Supreme Court findings

This brings us to the Supreme Court findings which can be summarised as follows:

  1. The meaning of the words used requires an objective and contextual approach.
  2. Clause 8.9.4 is “parasitic” on clause 8.9.3, such that it was clear the right to terminate must first have accrued under clause 8.9.3 but not been exercised for whatever reason. In this case, the non-payment needed to remain beyond the period in order for the right to terminate to exist.
  3. If clause 8.9.4 was intended to be independent of clause 8.9.3 instead of parasitic on that clause then the opening words of clause 8.9.4 “if for any reason the contractor does not give the further notice under 8.9.3…” wouldn’t be necessary and instead the clause would start “If the Employer repeats a specified default…”
  4. The interpretation put forward by Providence would produce an extreme outcome. It would mean that any breach by late payment (provided a specified notice of default were given by the contractor), if repeated by any subsequent late payment, would entitle the contractor to terminate the contract. This position was thoughtto provide “a sledgehammer to crack a nut”.
  1. The Court of Appeal’s attempt to create symmetry between the employer’s termination provisions in clause 8.4 and the contractor’s termination provisions in clause 8.9 was misplaced as the two sets of provisions are drafted differently and so they cannot mirror each other.

Conclusion

This has been a crucial and much anticipated decision on the JCT standard form wording and should help to restore the risk profile between the parties. The same standard wording has also been adopted in the 2024 JCT edition so its applicability is not limited to the 2016 suite.
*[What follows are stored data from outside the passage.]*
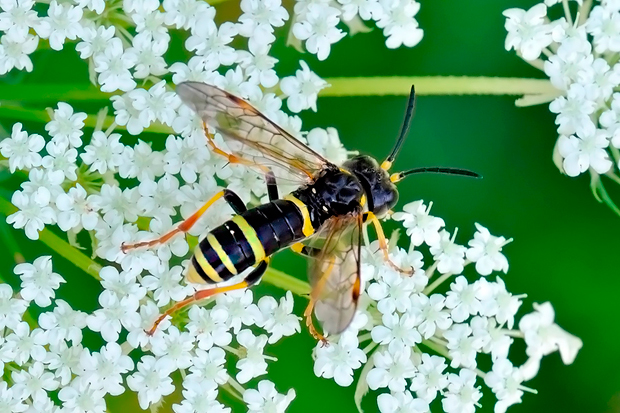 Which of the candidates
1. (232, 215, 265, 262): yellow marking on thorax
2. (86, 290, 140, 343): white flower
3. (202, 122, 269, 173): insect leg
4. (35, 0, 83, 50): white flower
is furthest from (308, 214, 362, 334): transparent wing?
(35, 0, 83, 50): white flower

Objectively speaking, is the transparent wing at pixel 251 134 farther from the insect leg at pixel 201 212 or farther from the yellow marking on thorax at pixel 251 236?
the yellow marking on thorax at pixel 251 236

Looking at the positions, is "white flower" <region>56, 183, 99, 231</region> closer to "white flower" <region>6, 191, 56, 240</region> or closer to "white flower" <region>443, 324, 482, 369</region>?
"white flower" <region>6, 191, 56, 240</region>

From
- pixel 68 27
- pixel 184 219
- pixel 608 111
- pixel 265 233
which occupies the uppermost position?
pixel 608 111

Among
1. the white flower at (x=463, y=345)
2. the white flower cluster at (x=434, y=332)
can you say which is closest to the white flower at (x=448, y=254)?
the white flower cluster at (x=434, y=332)

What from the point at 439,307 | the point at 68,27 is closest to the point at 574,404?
the point at 439,307

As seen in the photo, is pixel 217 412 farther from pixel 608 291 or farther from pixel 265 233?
pixel 608 291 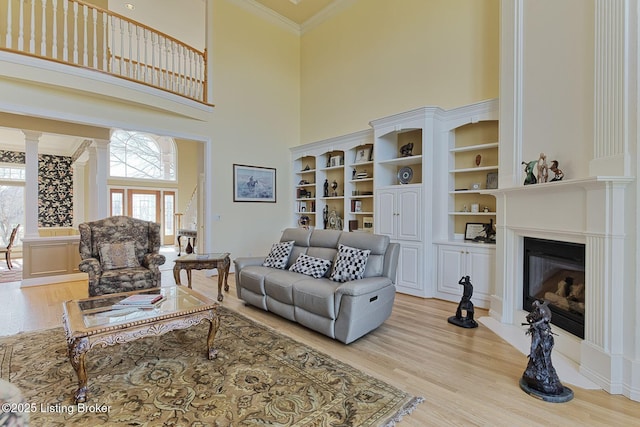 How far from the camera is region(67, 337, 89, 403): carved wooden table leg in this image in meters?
1.97

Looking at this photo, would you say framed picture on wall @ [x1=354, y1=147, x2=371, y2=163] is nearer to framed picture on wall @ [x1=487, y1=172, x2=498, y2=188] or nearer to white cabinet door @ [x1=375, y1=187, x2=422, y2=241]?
white cabinet door @ [x1=375, y1=187, x2=422, y2=241]

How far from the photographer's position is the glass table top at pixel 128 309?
2244 millimetres

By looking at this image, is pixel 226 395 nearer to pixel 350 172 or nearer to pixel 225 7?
pixel 350 172

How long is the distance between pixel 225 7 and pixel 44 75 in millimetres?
3537

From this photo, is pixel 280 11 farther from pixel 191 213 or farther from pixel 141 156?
pixel 141 156

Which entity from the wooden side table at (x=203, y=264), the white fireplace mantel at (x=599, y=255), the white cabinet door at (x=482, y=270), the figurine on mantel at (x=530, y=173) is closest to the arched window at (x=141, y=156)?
the wooden side table at (x=203, y=264)

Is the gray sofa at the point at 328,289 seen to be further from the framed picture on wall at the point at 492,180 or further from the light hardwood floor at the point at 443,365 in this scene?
the framed picture on wall at the point at 492,180

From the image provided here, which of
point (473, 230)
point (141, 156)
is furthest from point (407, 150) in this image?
point (141, 156)

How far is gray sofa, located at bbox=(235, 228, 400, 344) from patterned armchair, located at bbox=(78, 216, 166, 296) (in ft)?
4.07

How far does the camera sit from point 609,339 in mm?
2207

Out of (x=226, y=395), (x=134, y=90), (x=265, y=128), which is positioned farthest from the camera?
(x=265, y=128)

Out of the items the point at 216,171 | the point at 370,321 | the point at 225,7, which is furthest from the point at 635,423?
the point at 225,7

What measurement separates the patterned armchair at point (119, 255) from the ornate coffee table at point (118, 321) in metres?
1.13

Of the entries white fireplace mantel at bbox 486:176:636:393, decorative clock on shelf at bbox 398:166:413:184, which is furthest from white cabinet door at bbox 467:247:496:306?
decorative clock on shelf at bbox 398:166:413:184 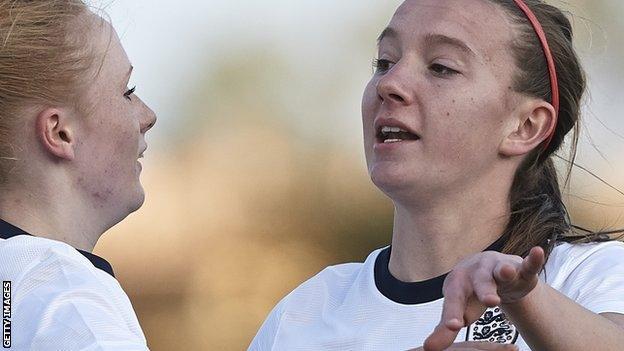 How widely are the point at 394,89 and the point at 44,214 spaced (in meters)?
0.81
Employers can take comfort from this decision knowing that under this contractual mechanism repetition of a short delay in payment, for example, will not give a contractor the immediate right to terminate the contract.

Relevant clauses

Default by Employer (parties amendments included in underline)

8.9 .1 If the Employer:

.1 does not pay by the final date for payment the amount due to the Contractor in accordance with clause 4.9 and/or any VAT properly chargeable on that amount…

the Contractor may give to the Employer a notice specifying the default or defaults (a ‘specified’ default or defaults).

8.9.3 If a specified default or a specified suspension event continues for 28 days from the receipt of notice under clause 8.9.1 or 8.9.2, the Contractor may on, or within 21 days from, the expiry of that 28 day period by a further notice to the Employer terminate the Contractor’s employment under this Contract.

8.9.4 If the Contractor for any reason does not give the further notice referred to in clause 8.9.3, but (whether previously repeated or not):

.1 the Employer repeats a specified default;

then, upon or within 28 days after such repetition, the Contractor may by notice to the Employer terminate the Contractor’s employment under this Contract. 

Helen Arthur is a Senior Professional Support Lawyer and David Owens is a Partner at Sharpe Pritchard LLP.